§ **Work task**:
Please copy each line in the records below that contains the string "Street".

§ **Record set**:

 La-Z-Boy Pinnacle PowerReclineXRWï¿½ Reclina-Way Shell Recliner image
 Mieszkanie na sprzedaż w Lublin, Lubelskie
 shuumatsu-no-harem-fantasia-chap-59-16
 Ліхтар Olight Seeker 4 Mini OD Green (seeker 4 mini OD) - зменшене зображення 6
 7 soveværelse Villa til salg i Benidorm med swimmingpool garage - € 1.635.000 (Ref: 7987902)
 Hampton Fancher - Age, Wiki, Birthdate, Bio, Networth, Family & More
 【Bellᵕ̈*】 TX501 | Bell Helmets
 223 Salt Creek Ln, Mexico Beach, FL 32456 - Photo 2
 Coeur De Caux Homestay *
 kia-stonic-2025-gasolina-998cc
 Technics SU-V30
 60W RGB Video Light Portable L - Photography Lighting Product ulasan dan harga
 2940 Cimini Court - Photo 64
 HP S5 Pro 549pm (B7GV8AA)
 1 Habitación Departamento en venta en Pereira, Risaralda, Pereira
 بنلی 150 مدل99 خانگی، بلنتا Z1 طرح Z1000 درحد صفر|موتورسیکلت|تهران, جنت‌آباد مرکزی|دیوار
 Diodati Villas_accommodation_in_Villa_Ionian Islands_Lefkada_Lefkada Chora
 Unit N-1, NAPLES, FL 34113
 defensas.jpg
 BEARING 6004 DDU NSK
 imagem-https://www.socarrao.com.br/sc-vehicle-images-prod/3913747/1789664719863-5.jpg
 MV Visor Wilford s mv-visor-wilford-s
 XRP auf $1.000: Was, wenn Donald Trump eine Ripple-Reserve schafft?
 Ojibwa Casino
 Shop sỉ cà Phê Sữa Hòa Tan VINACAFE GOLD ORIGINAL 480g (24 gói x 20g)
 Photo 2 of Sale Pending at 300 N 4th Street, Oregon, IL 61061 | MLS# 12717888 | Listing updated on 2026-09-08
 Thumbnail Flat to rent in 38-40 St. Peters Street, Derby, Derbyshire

§ **Output below**:
 Photo 2 of Sale Pending at 300 N 4th Street, Oregon, IL 61061 | MLS# 12717888 | Listing updated on 2026-09-08
 Thumbnail Flat to rent in 38-40 St. Peters Street, Derby, Derbyshire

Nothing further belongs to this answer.